Slight change of pace from all the party talk I know but.....I smell a rat! Actually I didn't smell him... I saw him bloody sunbathing on our deck. After imparting this information to Other Half, the only thing I actually can now smell is the onion-like fragrance of the natural rat deterrent powder liberally sprinkled about the garden. The stench is supposed to make them pack their rat bags and leave pronto...it doesn't work but it has put me off onions!

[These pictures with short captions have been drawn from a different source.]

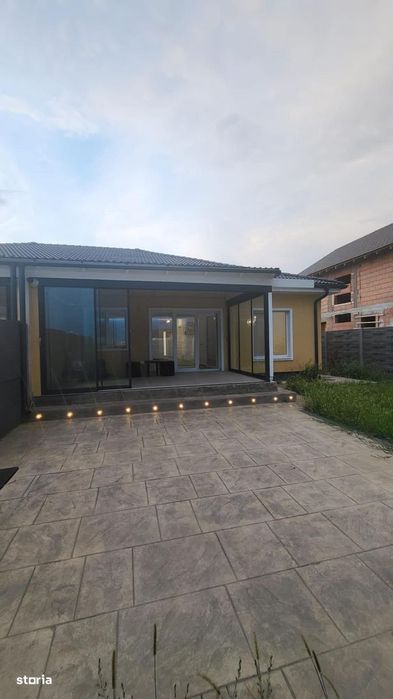 Casa tip duplex de vanzare cu 5 camere si curte la Sanandrei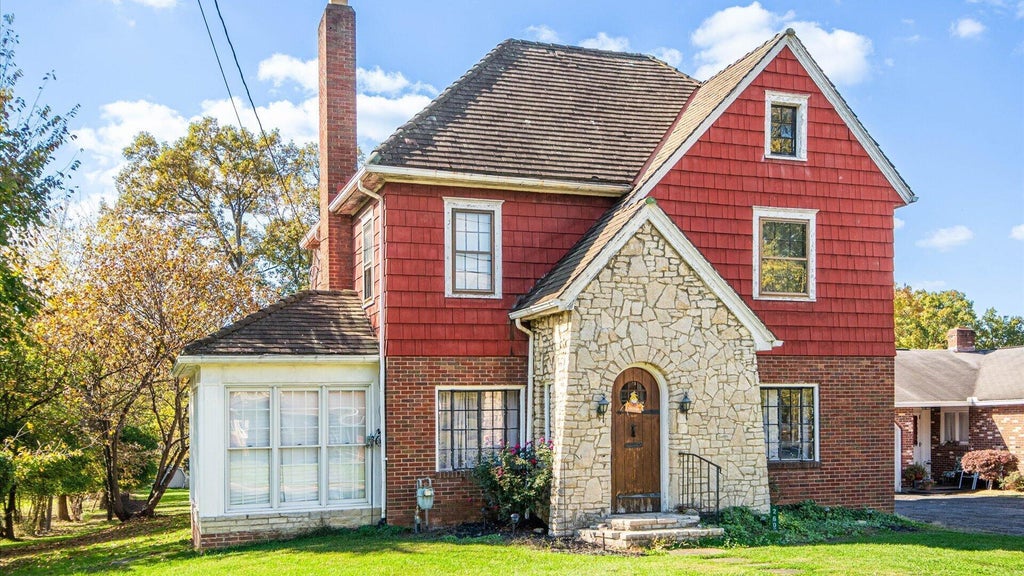 Photo of 2605 Dresden Road, Zanesville, OH 43701 (MLS # 226040535)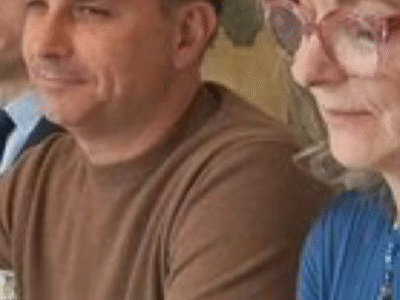 Em coletiva de imprensa na França, Flávio Bolsonaro diz que Mácron tem dias contados para sair do cargo, “povo francês não aguenta mais”, VEJA VÍDEO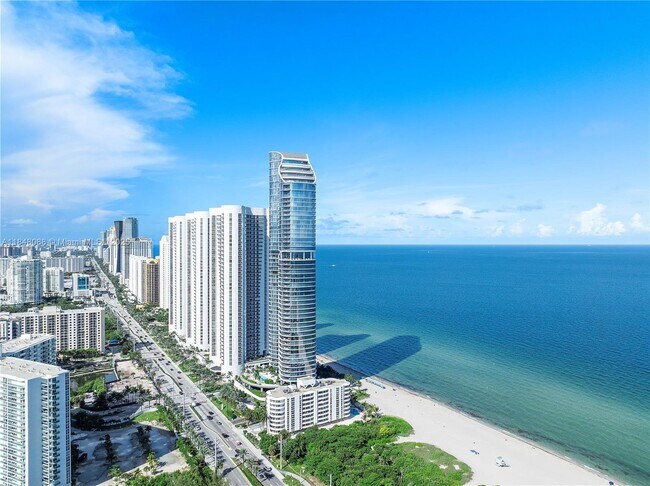 Building Photo - 15701 Collins Ave Unit 3605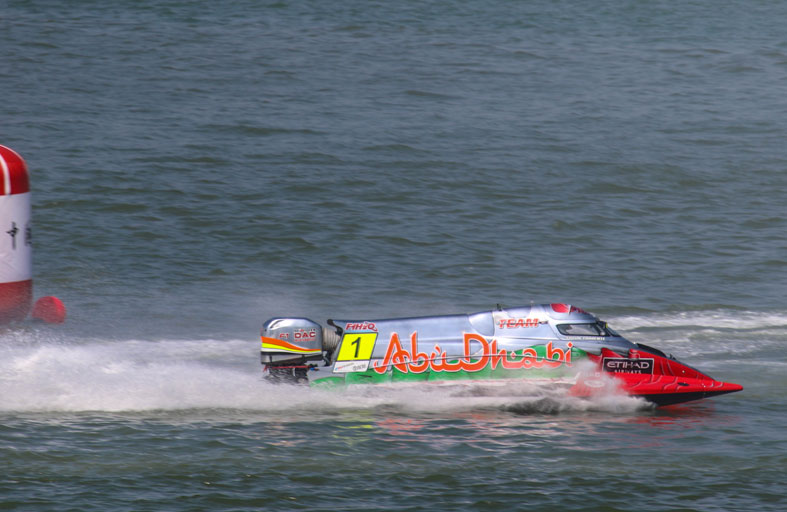 أبوظبي للزوارق السريعة يرفع درجة الاستعداد لمونديال الفورمولا 1 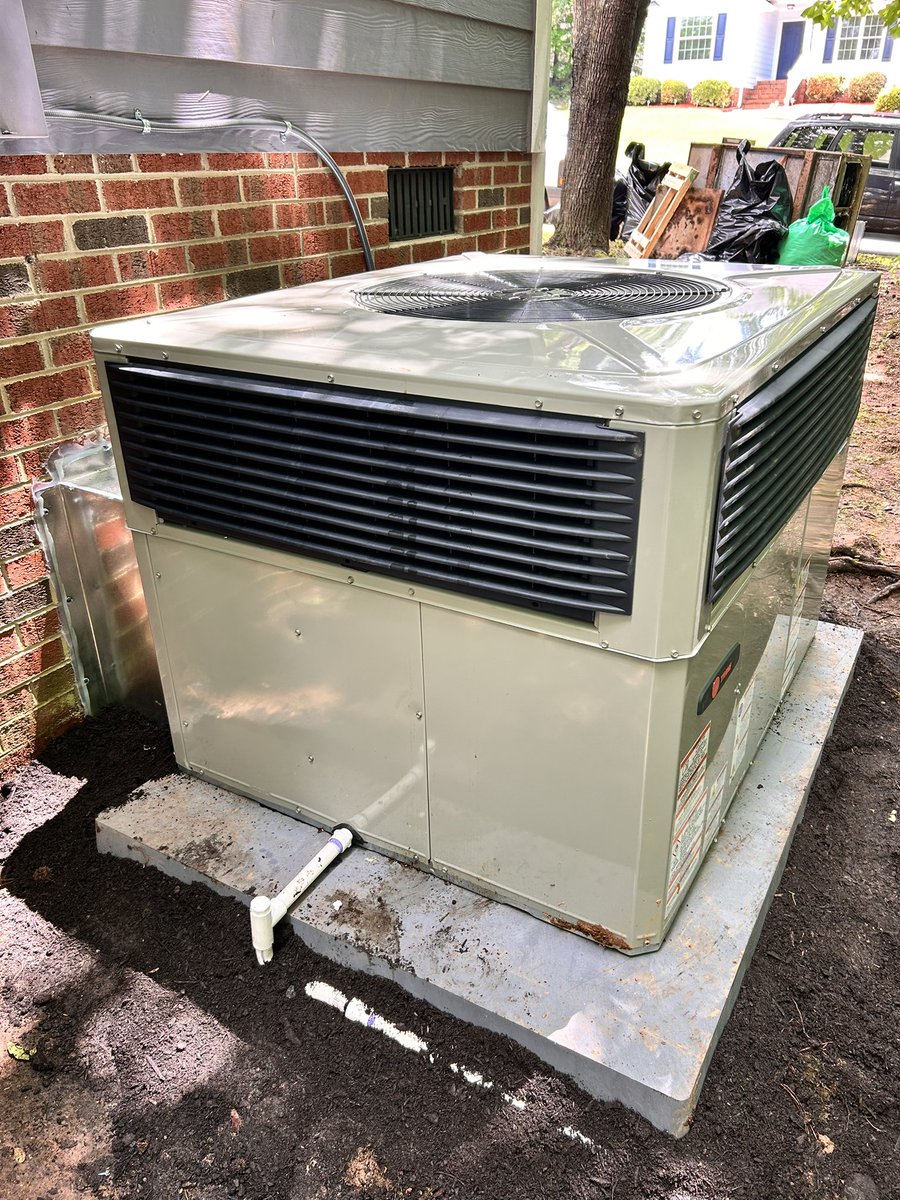 ServiceMedic's tweet photo. Here’s another great Trane dual installation in Raleigh, NC, one being a 2 ton - 15 seer - R454b split and the other is a 2 ton - 14 seer gas pack, these units are backed by a great warranty! 10 years! Both are very quiet and extremely efficient! Call Service Medic @ 919-904-5976 https://t.co/SJyGO2RwHo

We've now had two visits from a very pleasant pest control chap from the council, who by the way, is possibly the tallest man I have ever seen. I wondered if he got the job because he's able to intimidate them into leaving with his giant stature? If that's the case then Ratty Ratterson must have a rather large set of kahunas cos he's still hanging with his homeys, possibly wearing a rat hoodie and swearing at passing field mice, despite the tasty poison-laced food that was left for him. The Tall Guy is due back this Thursday but will be getting his rat progress report via a note due to the impending celebrations. No rat is going to make me late for my own party!
Thinking about it, this is might be karma as a result of the now infamous rodent debacle from my childhood. Having rescued a mouse from the neighbours cat, I was firmly instructed to "put a bloody lid on that box" before MM went out that night. I forgot and it escaped, much to hers, my but not my little brothers horror. We presumed it had made like Elvis and left the building as nothing was ever seen or heard of it again..... until the midnight saucepan clanging incident some weeks later. Despite hastily shoving the neighbours cat in the kitchen and shutting the door, more clanging was heard the following night.

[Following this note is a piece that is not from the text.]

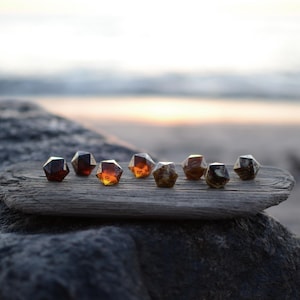 Amber D20 dice. Authentic natural Baltic amber gemstone dice. Dungeons and dragons D20 dice. Role playing D&D game dice. Gift dice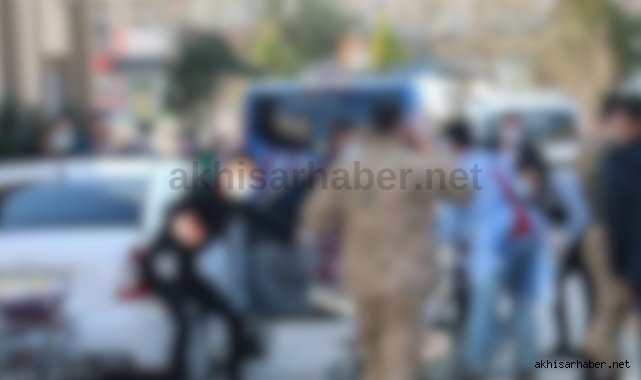 Turgutlu'da çocukların kavgasına aileler de karıştı: 1'i polis 8 yaralı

I knew I was in real trouble later in the wee small hours when MM yelled at me to "get in here now!". On arriving in her bedroom, I found her standing in the middle of their bed, hysterically pointing at the wiggling curtain whilst ringing my father who was on night shift. Needless to say by the time he got home there was no sign of the errant mouse and I was in deep Doo Doo!

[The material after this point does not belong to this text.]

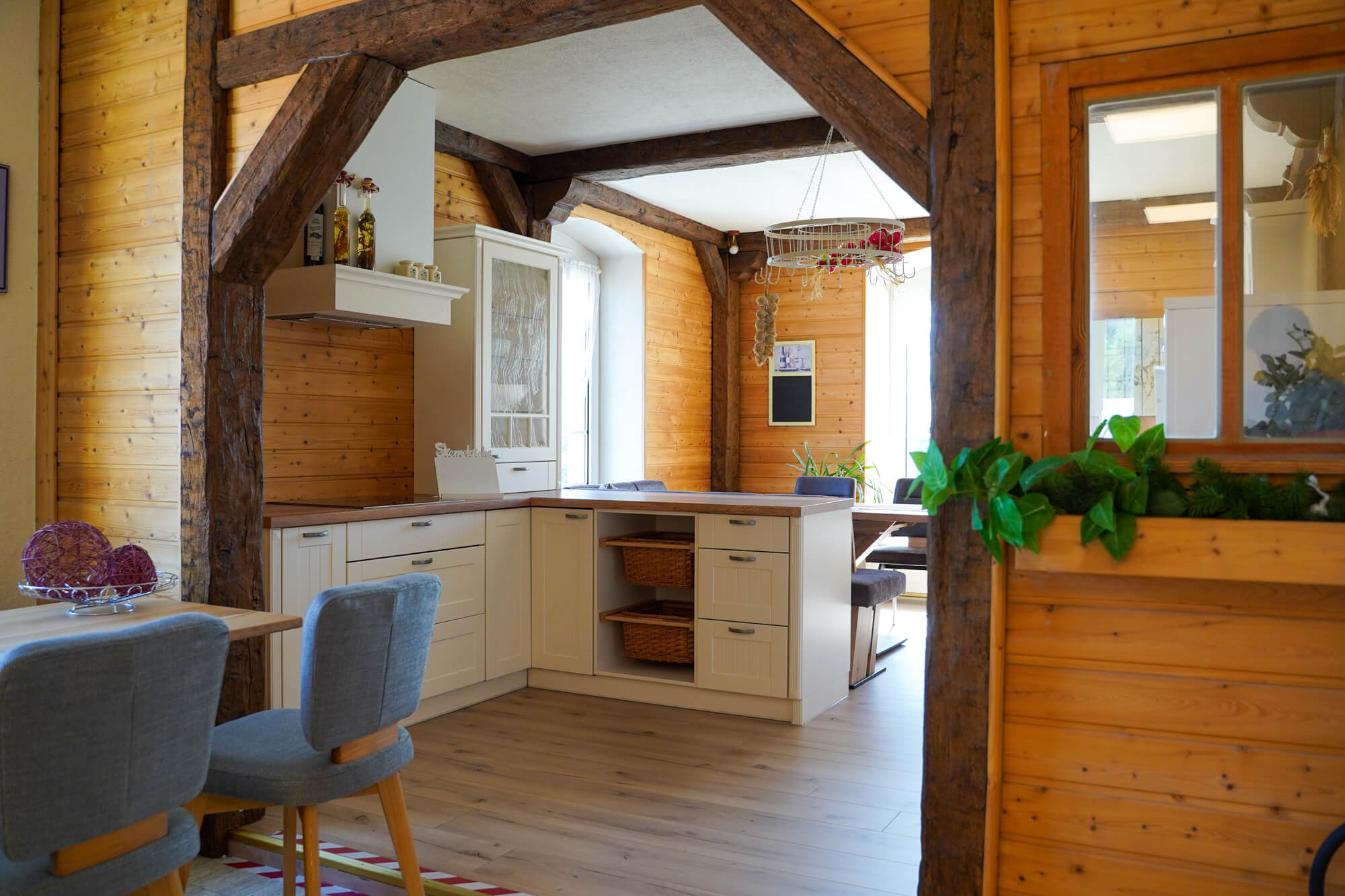 Kueche-im-Landhausstil-T-Form-mit-Holzarbeitsplatte-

As I sleepily went to the fridge the next morning to put away the milk used to make a conciliatory cup of tea, I caught sight of a pair of legs hanging down from some pipe housing. Having taken my turn to scream "Get here now", my father reassured me to stop panicking as it was clearly dead. Well you would be too if you'd crawled up between two hot water pipes, split your difference and got stuck there until the water heater came on in the morning! As dad's do, he fetched a pair of pliers to pull it out.... and it kept on coming, and coming...... and coming.
The mouse that I had rescued some weeks earlier turned out to be a baby rat; a rat that enjoyed it's childhood in our house and proceeded to grow to extreme proportions. This also explained why the dog had been getting thinner - small wonder when we discovered the pile of biscuits and food that had been stored away behind the dishwasher. Can you even begin to imagine how popular I was for a long time after that little lot?
No rats have been harmed in the making of this blog post..... yet!